Digests of each chapters are below.
Introduction – Marx described how our human activity could come to be experienced as something external, alien and hostile to us as the theory of alienation. Alienation affects negative to our body and mind.
Chapter 1 – Contemporary economics ignores social and political dimensions of economy. Classical economists such as Adam Smith and David Ricard considered the wealth in the relation among human beings, nature, labour and objects. Also Jean-Jaques French philosopher Rousseau stated technological and scientific progress brought misery, inequality and moral problem in people’s economic institutions. According to him, alienation brought individual rights and liberty, but we can’t give away them.
Chapter 2 – Marx’s philosophical thought mainly succeed to ideas of Georg Hegel and Ludwig Feuerbach. He was a Left Hegelian disputant. But Marx criticise both Hegel and Feuerbach, such as Hegel’s positive idealism, Feuerbach’s thought of ‘education settle the problem of alienation’ and his static conception of human nature, then he developed his own theory of alienation.
Chapter 3 – Capitalist society required dividing society into two classes, the bourgeoisie (capitalists) and the proletariat (workers). Proletarians have no means production and are in miserable condition. Though Marx believed that the proletariat is the class can abolish capitalism and class division by their collective struggles.
Chapter 4 – Essentially, human labour is collective, conscious and transforming engagement with the natural world. In capitalism society, labour works are shaped by wages. For Marx, alienation means lack of control of our process of production. The human labour transformed into a commodity, the affair is the most fundamental form of alienation in capitalism.
Chapter 5 – Under capitalism it occurs alienation from product. Proletarians work to produce things they can’t own themselves. The labour embodied by capital is as ‘dead’. The worker performs more, he pours into the dead labour.
Chapter 6 – People relate to each other through commodities. Marx defined it as ‘commodity fetishism’. Products of labour appears as piles of abstract labour. Thus our social and personal life become commodified and is regarded as a particular value form.
Chapter 7 – Alienation of labour altered our social life and relationships with others. Capitalism and its alienated labour place the second order mediation between man and man. Capitalism causes not only struggle between classes, but also its alienation encourages proletarians to compete with workmates. Even capitalists are slaves to their own inclinations and the markets.
Chapter 8 – Marx argued, capitalism also bad for our individuality. Organized labour work and its alienation harm our physical and mental condition. Under capitalism, we’ve lost control of ourselves.
Chapter 9 – Our alienation form labour and products also means becoming alienated from the natural world in which we live and work. This drives capitalist production that extend productivity itself. The global environment is catastrophically damaged by repetitions of these processes.
Chapter 10 – A new from of labour now dominated is ‘immaterial labour’ which means the production or manipulation of symbols, texts, emotions of feelings.
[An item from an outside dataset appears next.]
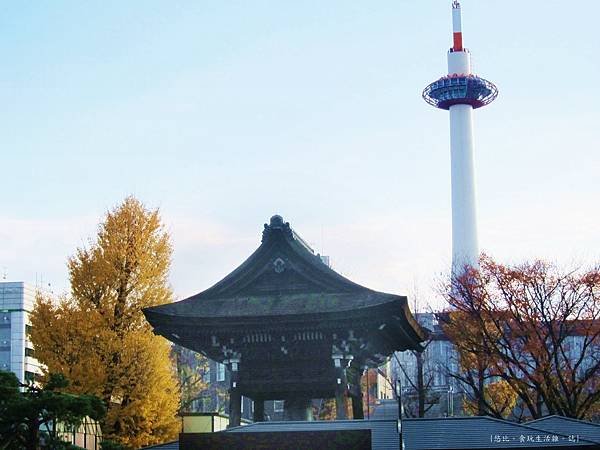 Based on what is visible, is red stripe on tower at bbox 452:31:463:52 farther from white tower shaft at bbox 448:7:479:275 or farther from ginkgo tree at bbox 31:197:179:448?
ginkgo tree at bbox 31:197:179:448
And bosses in company restrained by his leadership and ‘employee autonomy’. Also one feature of labour market on these days is increasing the workers get ‘over-qualified’ jobs, the jobs need degree-level or higher qualifications. Problems of alienation of work still continues today.
Chapter 11 – ‘Young Marx’ thought labour as the way in which we can find fulfilment in the world also under capitalism society. And he argued that great productivity of capitalism reduce working time and give people to more leisure time and recreational activity. But ‘Mature Marx’, in ‘Capital’, would be changed his view point. The capitalist system is autonomous process breeds ills. There’s no human nature in it.
Chapter 12 – Engels argued by the concept of ‘socialised production’, the capitalist production is social and maintained an individualised method of exchange. The capitalist production processes are collective and cooperative, but the products are distributed to people entirely individually. This ambivalence is one of the causes of crisis within capitalism society.
Chapter 13 – Capitalism alienated people from each other and from themselves. And Marx believed people exist in alienated positions in society, the matter make difficult for people to illustrate the detailed shape of an alternative society. His settlement to problem of alienated labour lay in the need for revolution by proletarians. Revolution is a essential thing of overcoming alienation.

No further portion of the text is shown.